At some point during The Great Regain (when I was feeling particularly down and defeated), I thought to myself, “Well, I guess they’re right (whoever They are), I can’t win. I can’t keep the weight off.” There was a movement in my psyche to just regain everything that I had lost, to just sit down and eat until I was back in those size 20 clothes, until I was back in danger of needing a seatbelt extension on an aircraft, until I didn’t fit in a stadium seat anymore. I had lost 94 pounds and I thought that I was a failure because I regained 30 of them.
I felt totally defeated. Like Sisyphus rolling the boulder up the hill every day just to have it roll all the way back down to the bottom each night, a part of me believed that I almost had to gain it all back and start completely over rather than stopping the process where it was. How’s that for completely illogical thinking?
My weakest self was busy playing defeated victim and gathering up white feathers to join the Cowards’ Club, when my stronger self stood up and said:
“Well, screw that!”

My stronger self is a fan of succinct speech and believes that I am Spartacus (minus that whole being killed by a Roman Legion thing). My stronger self believes that I am a warrior who may become tired and may lose ground, but does not give up, believes in the fight and continues it.
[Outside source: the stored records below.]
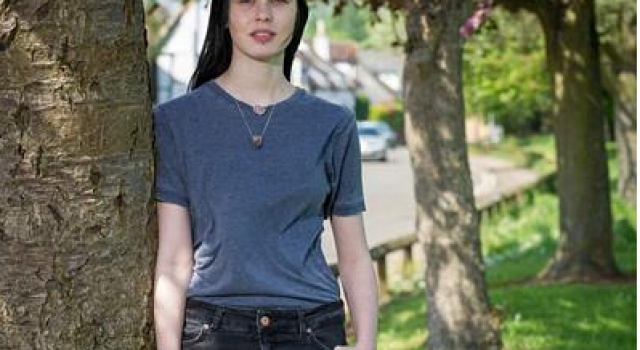 英19岁女生讨厌自己30D的胸围 欲众筹资金将乳房切除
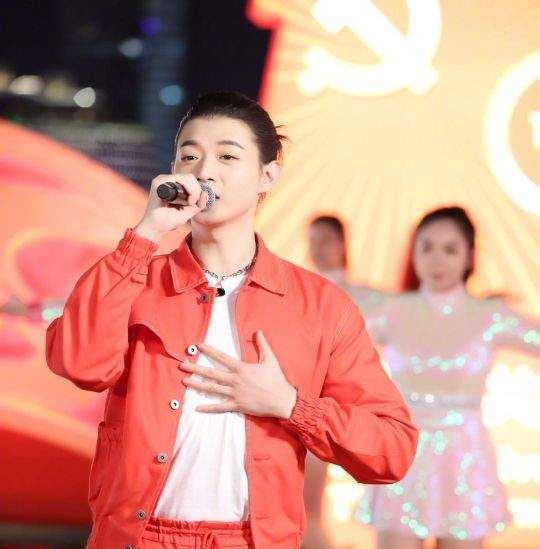 和《拳力以赴的我们》两种综艺节目连续退换货之后,霍尊却在微信朋友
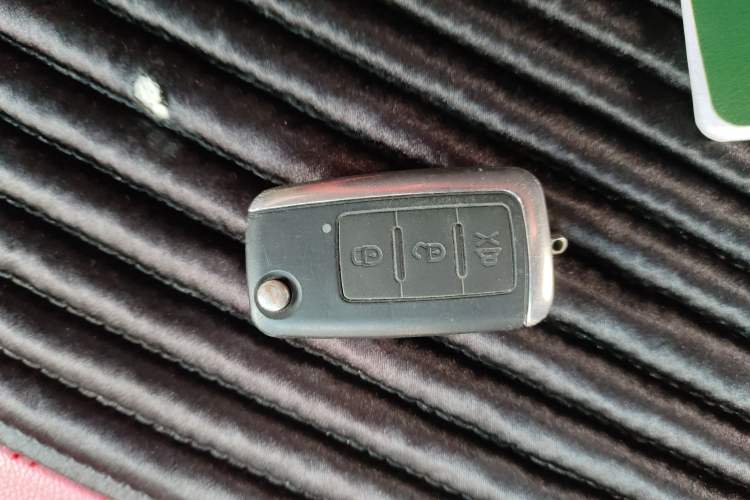 Used Chevrolet Sail 2010 Sedan 1.2L Manual Fashion Edition Vehicle Key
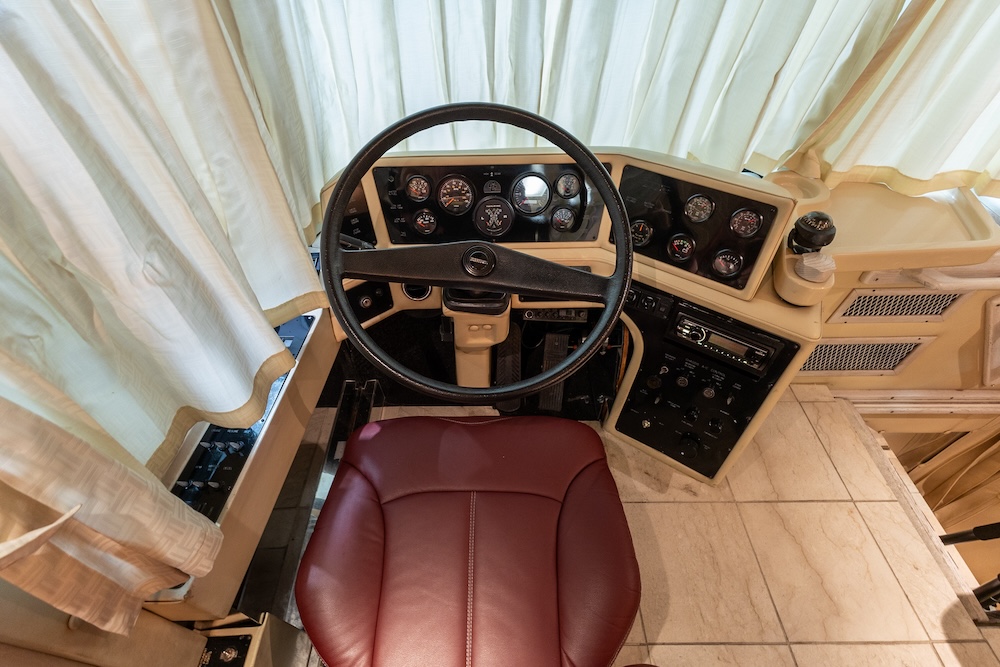 1991  Prevost Country Coach XL For Sale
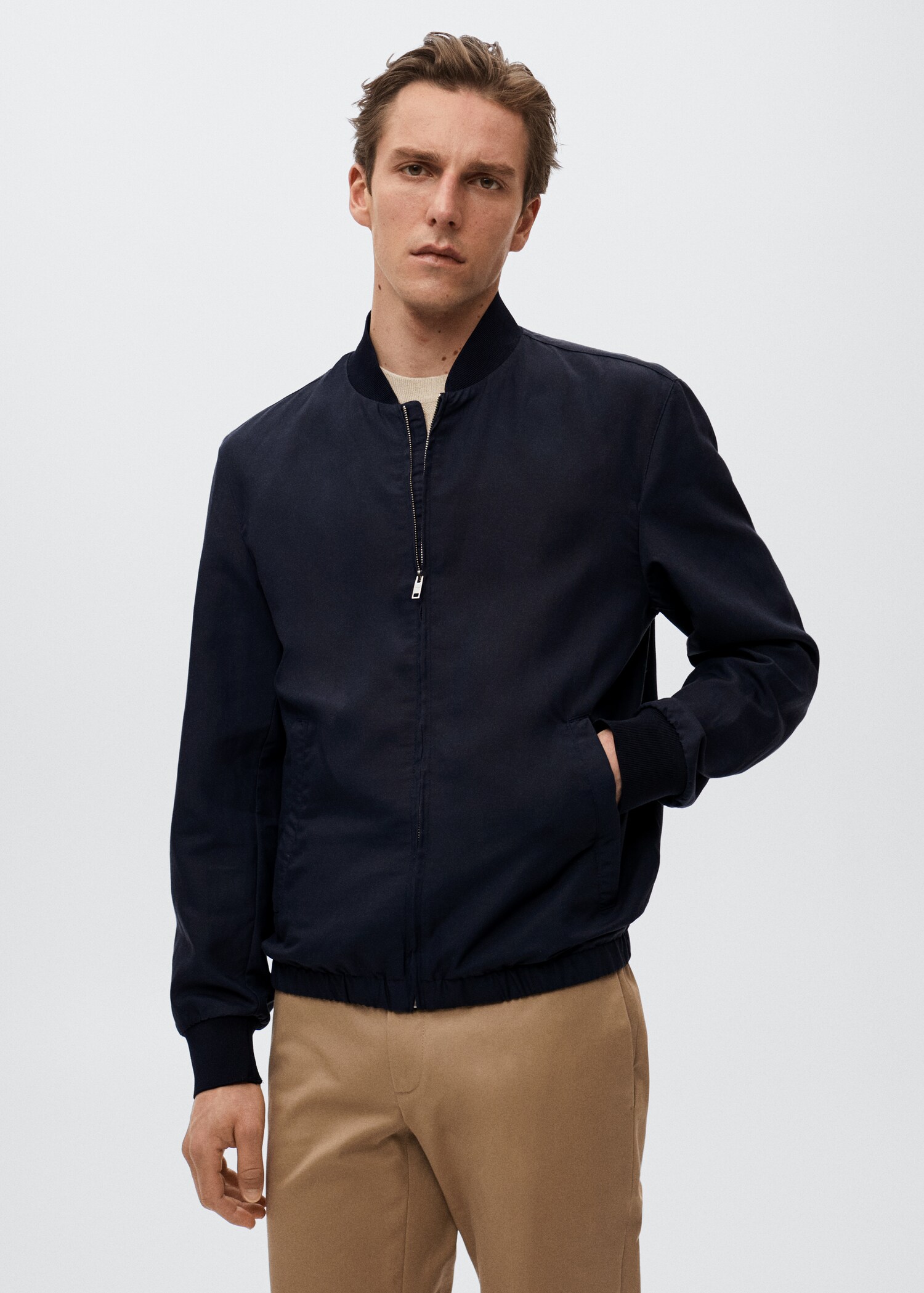 Chaqueta bomber lino Tencel - Plano medio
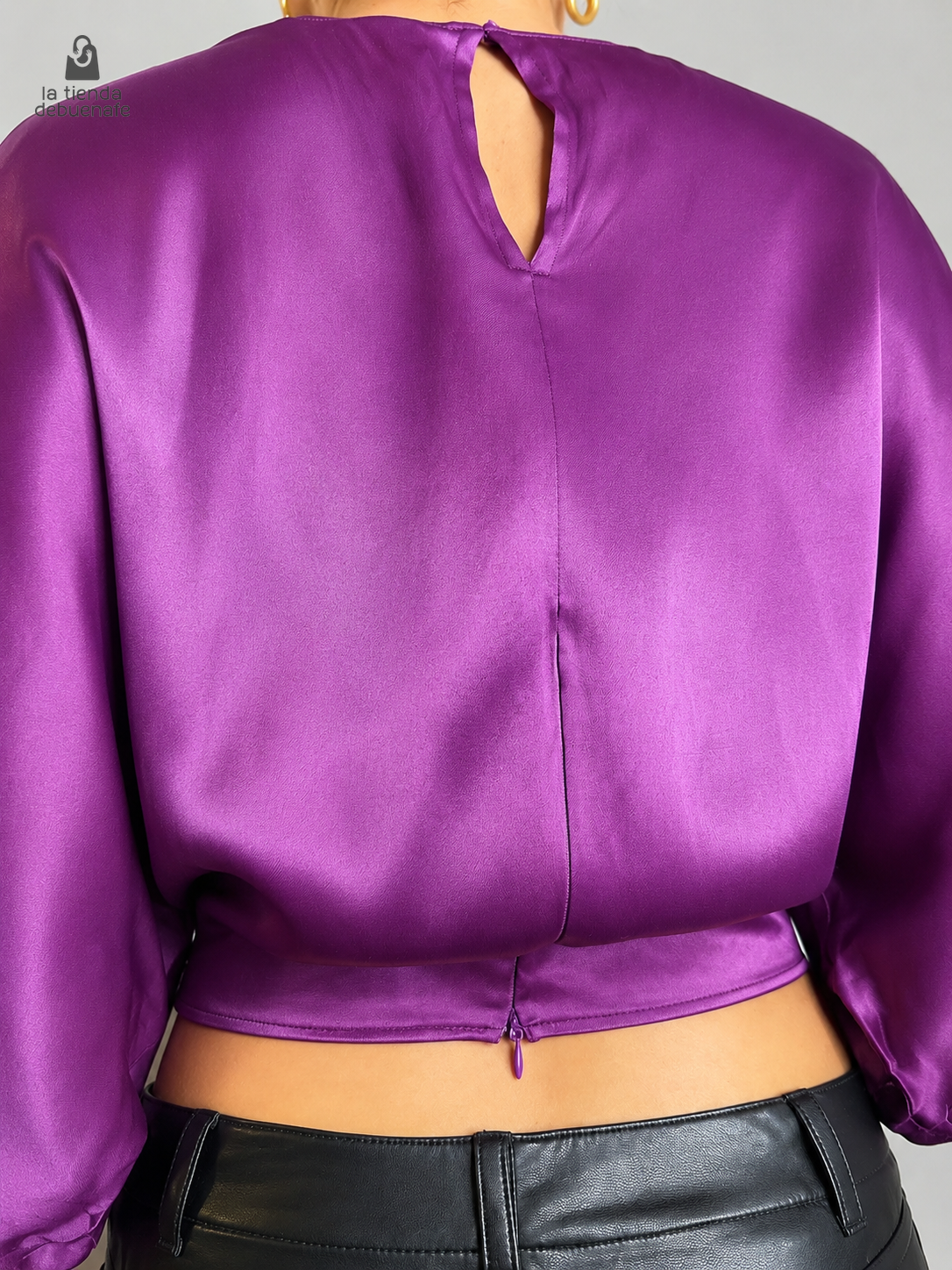 Blusa ZARA talla XS - vista posterior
I have to acknowledge that I had unhealthy eating habits for literally decades and that two years of habit change is not going to completely reboot my brain. I still have times of insecurity, weakness, doubt, hurt and anger. From time to time, I am going to revert to bad habits during those times. From time to time, I will fail.
But not every time.
When I was pregnant, my cousin Tammie gave me the best piece of parenting advice that I ever got … and it’s turned out to be a fantastic piece of life advice: You decide every day, with every interaction, what kind of mother you are going to be. No one else decides that for you – you do.
As a mother, there were times when I just blew it. I lost my temper, I handled a situation poorly, I was inattentive, whatever. I blew it. When I realized that I had blown it, never once did I think, “Well, I’ve blown it today, I might as well just keep acting like a jackass and start over tomorrow.”
No. When I blew it, I recognized it, asked my son’s forgiveness and got back on the right path. That very minute! That only makes sense, right?
So, why would I do any differently with my diet?
I blow it from time to time. In a moment of weakness, Little Debby kicks my butt. I have actually thought, “Well, I blew it today. I might as well eat this five pound bag of M&Ms and start over tomorrow.” WHAT?! That doesn’t even make sense! But, I’m betting you’ve thought it, too.
Look, we’re not perfect and our struggles to establish and keep healthful eating habits are probably going to be lifelong. Well, okay, then. They’re lifelong. We are going to win some and we are going to lose some. We just have to continue to struggle in earnest and win far more than we lose.
Spartacus was a slave who was eventually killed by his masters. Let’s not let our food masters do the same to us.